### Sample analysis of polyEN
This notebook demonstrates how to use the polyEN pipeline

In [1]:
from polyEN import *
from sklearn.metrics import r2_score

import scanpy as sc

Here we will download the HLCA data set into `data` folder and use it as an example

In [10]:
!wget https://datasets.cellxgene.cziscience.com/7a3f08f9-5d07-4ddd-a8fe-5967dd34f35f.h5ad

--2024-01-28 11:19:28--  https://datasets.cellxgene.cziscience.com/7a3f08f9-5d07-4ddd-a8fe-5967dd34f35f.h5ad
Resolving datasets.cellxgene.cziscience.com (datasets.cellxgene.cziscience.com)... 13.249.85.40, 13.249.85.125, 13.249.85.71, ...
Connecting to datasets.cellxgene.cziscience.com (datasets.cellxgene.cziscience.com)|13.249.85.40|:443... connected.
HTTP request sent, awaiting response... 200 OK
Length: 6044281626 (5.6G) [binary/octet-stream]
Saving to: ‘7a3f08f9-5d07-4ddd-a8fe-5967dd34f35f.h5ad’
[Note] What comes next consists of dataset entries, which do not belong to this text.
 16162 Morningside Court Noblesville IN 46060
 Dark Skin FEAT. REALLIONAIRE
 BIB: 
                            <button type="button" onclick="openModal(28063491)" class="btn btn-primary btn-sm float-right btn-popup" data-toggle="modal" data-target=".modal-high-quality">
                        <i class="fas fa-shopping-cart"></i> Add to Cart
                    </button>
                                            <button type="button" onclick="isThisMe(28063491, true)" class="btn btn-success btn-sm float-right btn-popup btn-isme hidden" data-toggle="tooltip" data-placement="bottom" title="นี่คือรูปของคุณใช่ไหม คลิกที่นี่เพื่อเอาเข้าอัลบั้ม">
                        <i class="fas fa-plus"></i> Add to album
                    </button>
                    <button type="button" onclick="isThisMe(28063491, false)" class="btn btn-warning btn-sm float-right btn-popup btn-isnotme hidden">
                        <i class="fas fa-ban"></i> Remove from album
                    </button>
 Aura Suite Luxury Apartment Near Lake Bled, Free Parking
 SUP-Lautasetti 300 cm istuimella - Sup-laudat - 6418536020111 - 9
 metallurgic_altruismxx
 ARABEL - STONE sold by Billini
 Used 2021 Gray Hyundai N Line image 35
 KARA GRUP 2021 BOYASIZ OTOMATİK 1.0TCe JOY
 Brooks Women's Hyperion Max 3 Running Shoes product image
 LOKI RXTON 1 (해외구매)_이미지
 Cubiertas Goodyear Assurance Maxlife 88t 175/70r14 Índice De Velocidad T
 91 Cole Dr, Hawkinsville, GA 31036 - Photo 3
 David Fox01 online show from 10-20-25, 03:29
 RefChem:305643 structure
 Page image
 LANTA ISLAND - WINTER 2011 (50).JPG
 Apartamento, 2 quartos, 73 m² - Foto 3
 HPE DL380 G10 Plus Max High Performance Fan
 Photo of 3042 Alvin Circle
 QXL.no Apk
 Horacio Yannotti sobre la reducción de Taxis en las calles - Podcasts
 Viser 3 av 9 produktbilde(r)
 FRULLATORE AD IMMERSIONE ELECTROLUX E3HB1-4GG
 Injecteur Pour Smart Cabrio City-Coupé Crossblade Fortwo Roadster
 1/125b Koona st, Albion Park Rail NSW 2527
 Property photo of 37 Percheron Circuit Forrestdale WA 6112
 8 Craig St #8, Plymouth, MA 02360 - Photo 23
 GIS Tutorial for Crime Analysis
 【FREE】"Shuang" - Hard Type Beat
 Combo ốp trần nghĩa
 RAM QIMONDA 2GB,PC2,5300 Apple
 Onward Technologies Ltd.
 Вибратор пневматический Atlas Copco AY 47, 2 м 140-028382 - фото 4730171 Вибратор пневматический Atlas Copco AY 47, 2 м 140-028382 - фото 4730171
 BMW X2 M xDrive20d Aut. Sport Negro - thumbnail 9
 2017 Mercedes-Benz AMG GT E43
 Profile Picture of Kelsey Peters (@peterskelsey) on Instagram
2024-01-28 11:19:55 (214 MB/s) - ‘7a3f08f9-5d07-4ddd-a8fe-5967dd34f35f.h5ad’ saved [6044281626/6044281626]



In [11]:
!mv 7a3f08f9-5d07-4ddd-a8fe-5967dd34f35f.h5ad data/HLCA.h5ad

### Read data and preprocess the data

In [12]:
ann = sc.read_h5ad('data/HLCA.h5ad')
ann.var_names = ann.var['feature_name']

AnnData expects .var.index to contain strings, but got values like:
    ['TSPAN6', 'TNMD', 'DPM1', 'SCYL3', 'C1orf112']

    Inferred to be: categorical

  names = self._prep_dim_index(names, "var")


remove cells missing age information

In [15]:
ann.obs['age_or_mean_of_age_range'] = ann.obs['age_or_mean_of_age_range'].astype(float)
ann = ann[~pd.isna(ann.obs['age_or_mean_of_age_range']),]
ann.obs['age'] = ann.obs['age_or_mean_of_age_range']

  ann.obs['age'] = ann.obs['age_or_mean_of_age_range']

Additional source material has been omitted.